Arnold
Arnold

Reputation: 495

single folder or many folders for storing 8 million images of hundreds of stores?

I am developing a price comparison site with hundreds of stores and thousands of product images for each store.

In total there are 8 million images.

Each image has this file name format: StoreID-productID.jpg

Each image size is less than 10KB. average 7KB.

The site is developed with php and mysql.

I have linux dedicated server.

I have a lot of disk space. so, that is not an issue.

My questions are:

  1. Should I keep all the images of all the stores in a single folder?

So, 8 million images will be in a single folder.

Will it effect efficiency in retrieving them?

At present I am using this method and would like to know if there are any disadvantages of this method.

  1. Should I keep a folder for each store and keep the images of that store in that folder?

like:

images/storeID1/
images/storeID2/
....

Please suggest. Thank you

Upvotes: 3

Views: 2370

Answers (2)

akatakritos
akatakritos

Reputation: 9858

Depends on the file system you are using. (EXT3, NTFS, FAT, etc).

Each will have different folder size limits and performance characteristics.

For 8 million files t will be safest to separate as many folders as you can. Then you have the option to make them different physical drives if you run into scaling issues.

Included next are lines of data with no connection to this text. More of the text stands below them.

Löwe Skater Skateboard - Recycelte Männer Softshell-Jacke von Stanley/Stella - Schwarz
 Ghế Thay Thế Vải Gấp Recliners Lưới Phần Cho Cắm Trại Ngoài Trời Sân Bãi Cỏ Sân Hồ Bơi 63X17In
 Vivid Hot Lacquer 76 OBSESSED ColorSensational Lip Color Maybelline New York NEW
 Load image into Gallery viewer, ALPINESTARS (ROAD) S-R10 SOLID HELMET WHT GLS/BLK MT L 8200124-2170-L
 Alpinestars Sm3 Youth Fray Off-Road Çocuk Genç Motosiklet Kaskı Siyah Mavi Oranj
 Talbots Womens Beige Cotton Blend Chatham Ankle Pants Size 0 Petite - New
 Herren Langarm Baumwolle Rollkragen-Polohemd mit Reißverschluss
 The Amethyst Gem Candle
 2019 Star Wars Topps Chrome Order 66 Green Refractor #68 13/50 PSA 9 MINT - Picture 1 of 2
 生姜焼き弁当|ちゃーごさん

If you're on Linux, its easy to mount another drive right among your existing folder structure. You could alternatively use a symbolic link.

images/Store1/FILES...
images/Store2 ---> /mount/SDA01/Store2/ (symbolic link to a separate drive)

Limits

See this SuperUser question for more detail about different File System limits: https://superuser.com/questions/446282/max-files-per-directory-on-ntfs-vol-vs-fat32

Note these are the absolute limits of what the system can handle. Performance at the upper bound of those limits will definitely suffer.

Upvotes: 4

EmmanuelG
EmmanuelG

Reputation: 1051

On one of my recent projects I had to store a large number of images as they came in over time. We decided that the best thing to do would be to seperate them into numbered directories with a set number of images in each directory. Our database would store the file name, directory, foreign key of the item it was associated with, a flag to allow us to disable it without needig to go and delete stuff, and the date it was downloaded. It's worked great since.